● DATA IN THIS EXERCISE
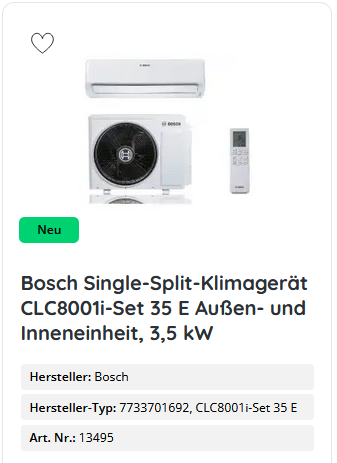 Bosch Single-Split-Klimagerät CLC8001i-Set 35 E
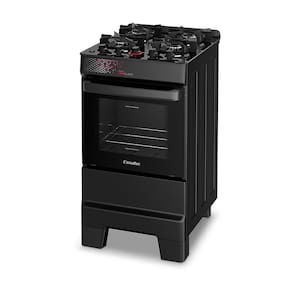 Fogão Esmaltec IDEAL Top Glass T4VAP Preto 4 Bocas com Mesa de Vidro e Acendimento Automático Forno 50L – Bivolt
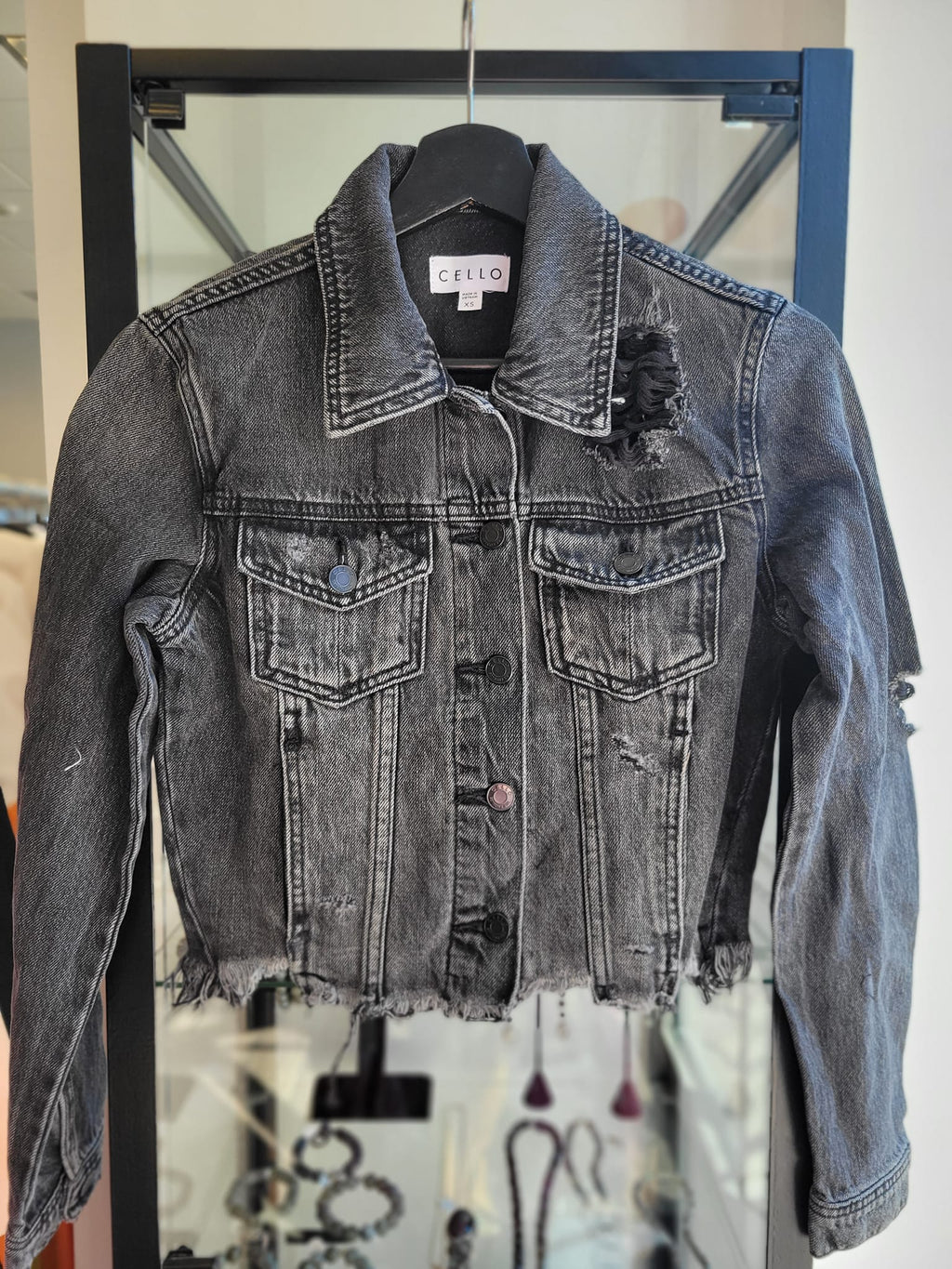 CHARCOAL GREY JEAN CROPPED JACKET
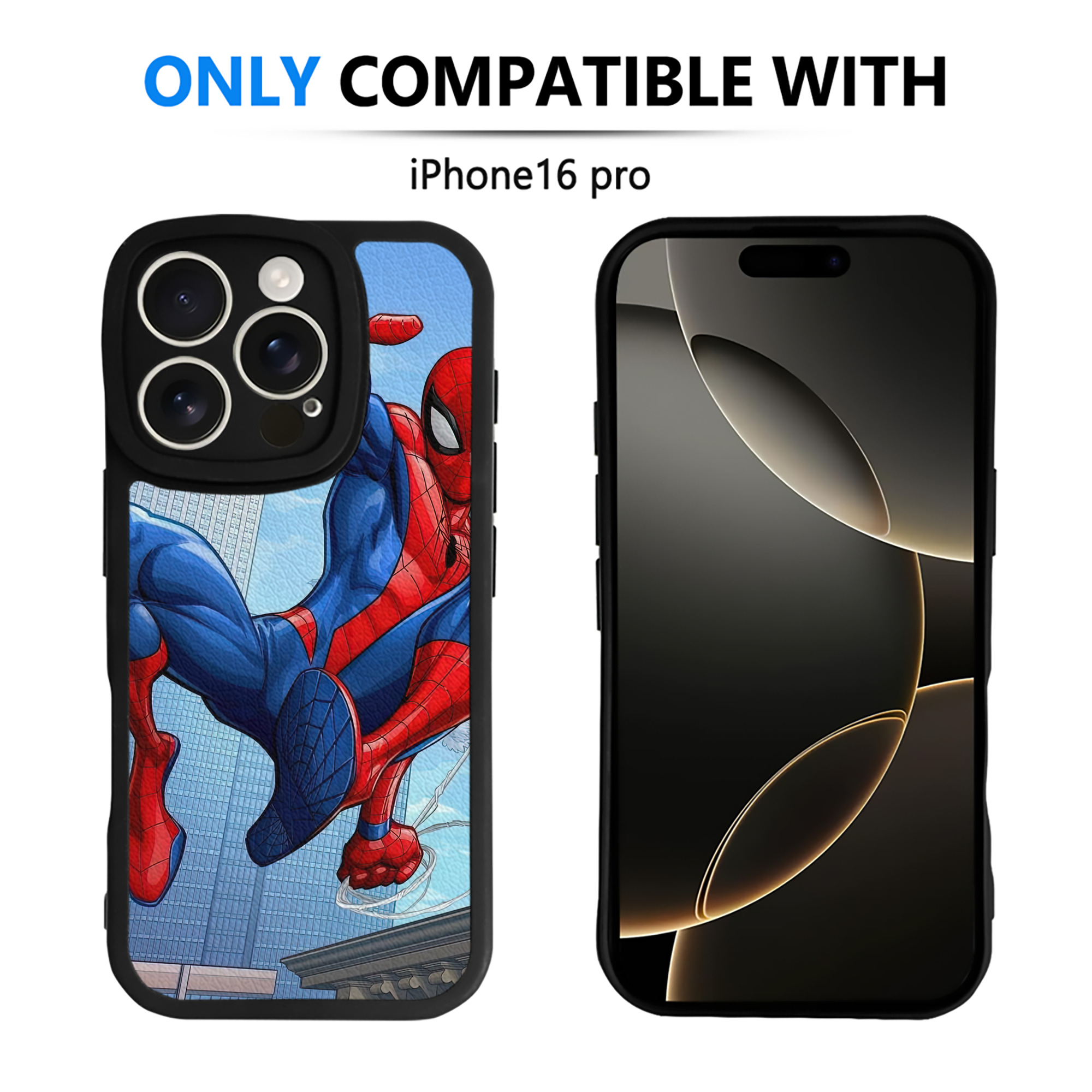 Spider Man スパイダーマン 【iPhone 16シリーズ対応】シリコンスマホケース（レザー調） 材質：シリコン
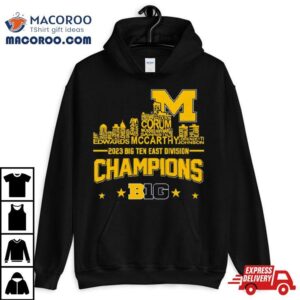 Michigan Wolverines Players Names City Skyline Big Ten East Division Champions Tshirt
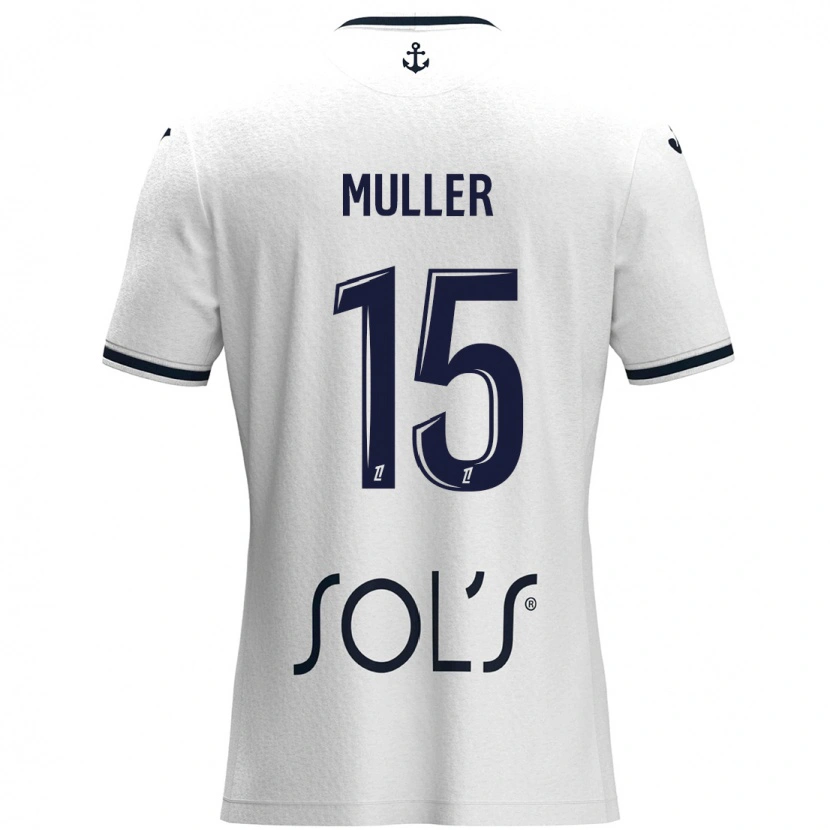 Danxen Niño Camiseta Laura Muller #15 Blanco Azul Oscuro 2ª Equipación 2024/25 La Camisa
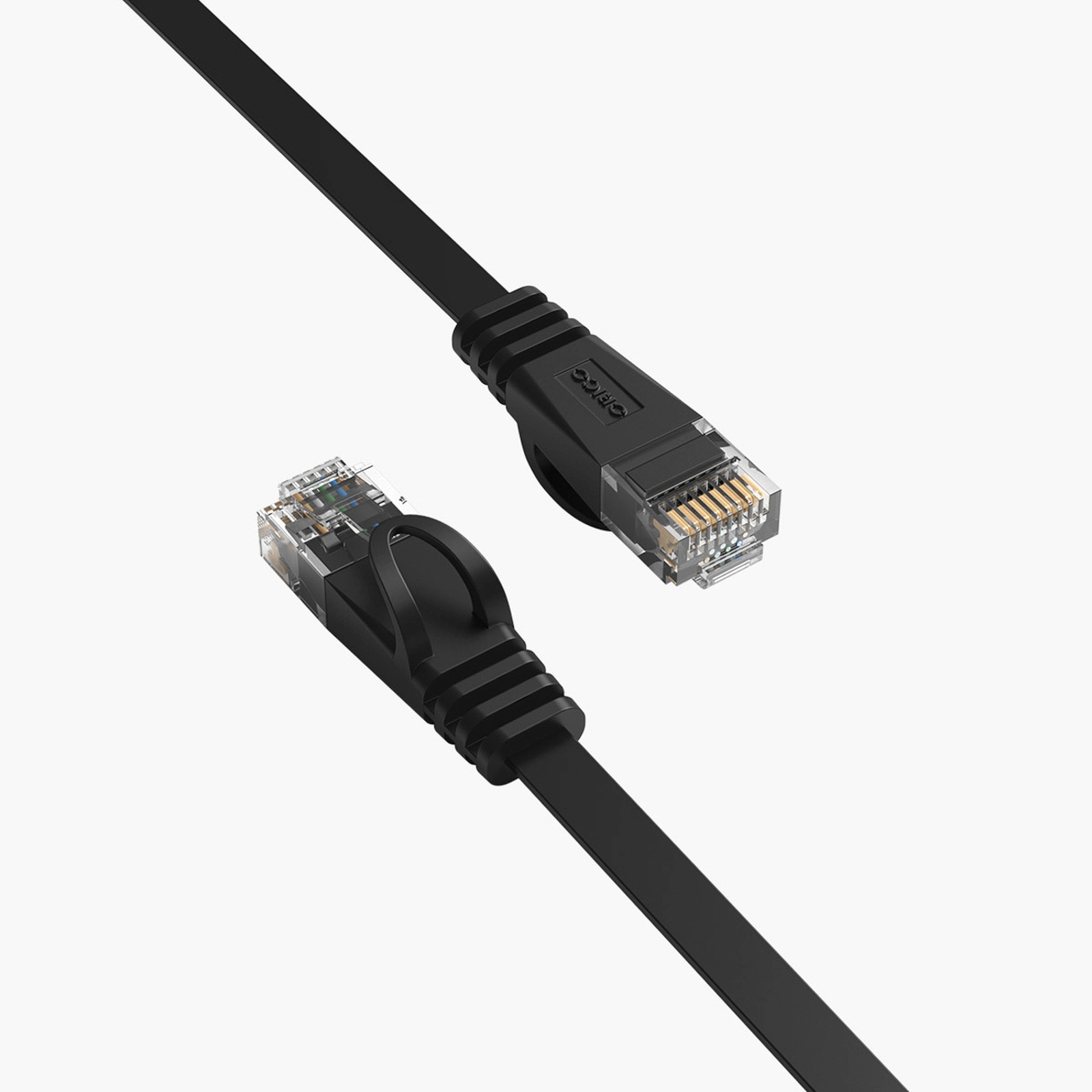 Kabel sieciowy internetowy płaski Ethernet CAT7 10Gbps RJ45 LAN 8m - czarny (3)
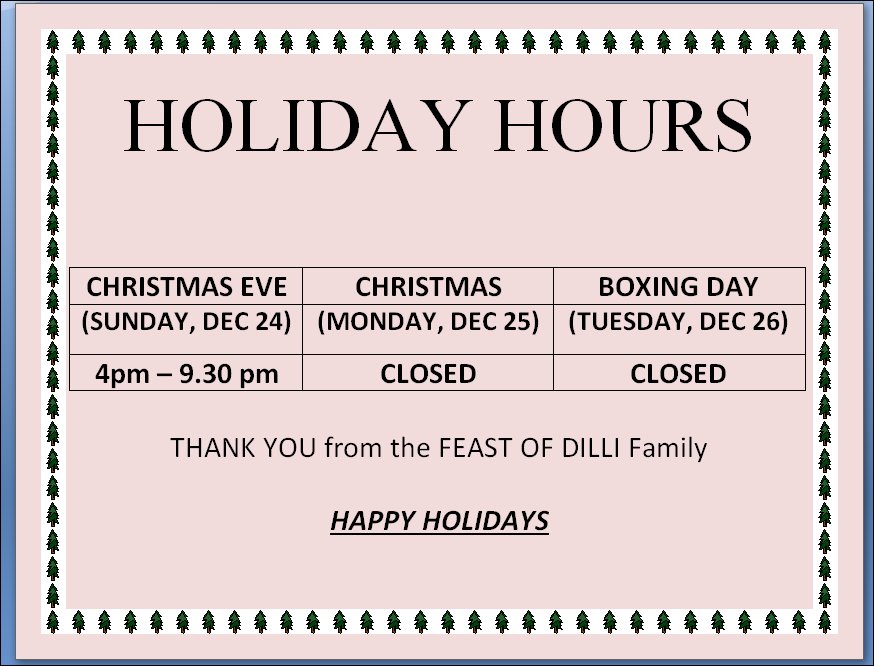 Holiday Hours 378 Brown's Line #FeastofDilli
#BeautifulAlderwood #AlderwoodTO #Brownsline #Etobicoke #Mimico #Lakeshorewest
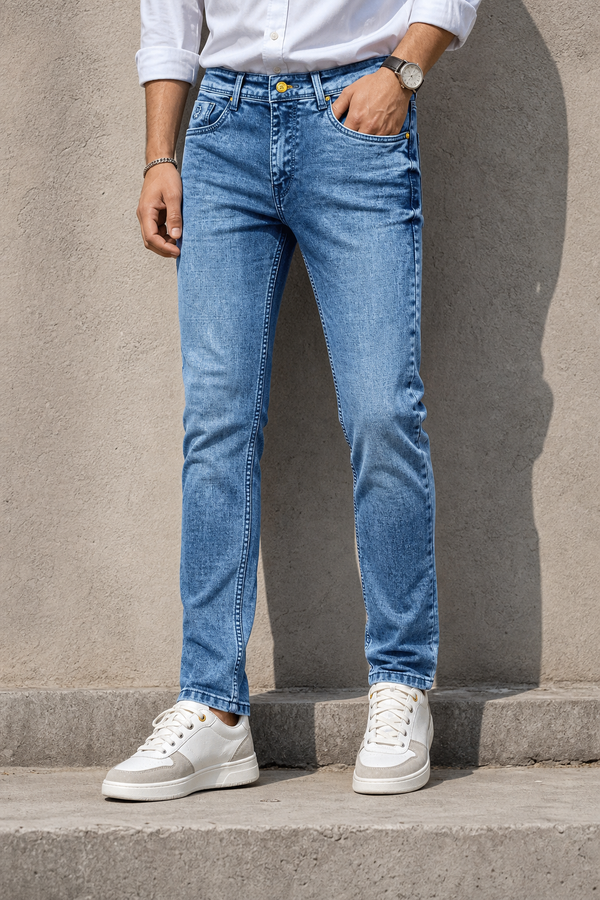 Men Blue Ankle Fit Jeans | Premium Denim JCK-96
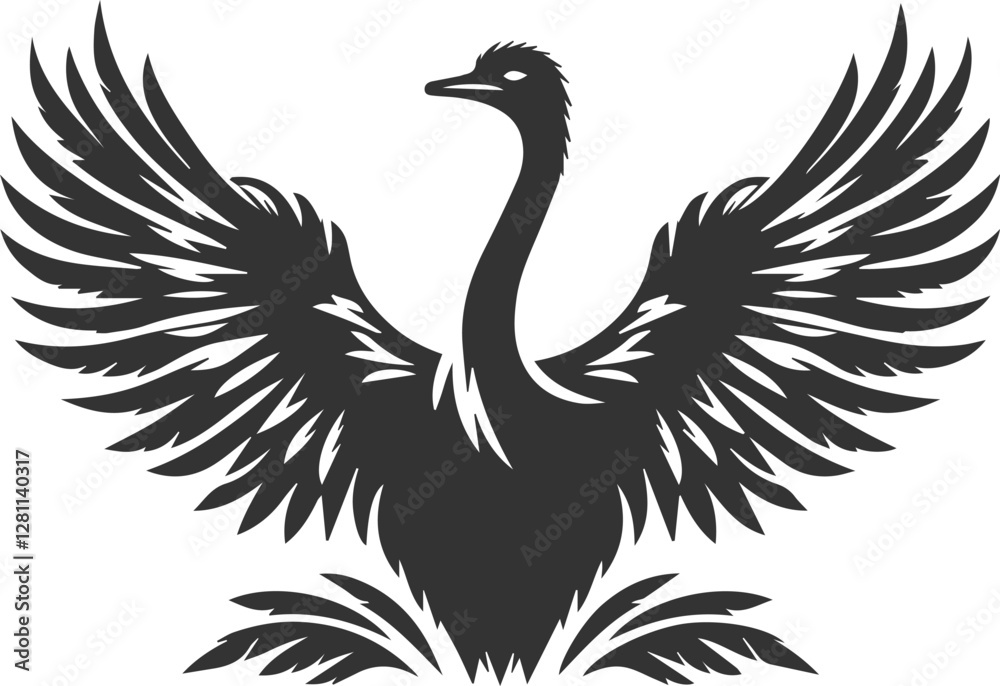 Fototapeta premium Ostrich with wings spread wide, showing feathers animal silhouette vector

● TASK DESCRIPTION
The lines to reproduce run from the one above containing "Michigan Wolverines Players" through the one containing "Holiday Hours 378 Brown's Line #FeastofDilli". Copy them exactly and leave out all pictures.

● TASK OUTPUT
 Michigan Wolverines Players Names City Skyline Big Ten East Division Champions Tshirt
 Danxen Niño Camiseta Laura Muller #15 Blanco Azul Oscuro 2ª Equipación 2024/25 La Camisa
 Kabel sieciowy internetowy płaski Ethernet CAT7 10Gbps RJ45 LAN 8m - czarny (3)
 Holiday Hours 378 Brown's Line #FeastofDilli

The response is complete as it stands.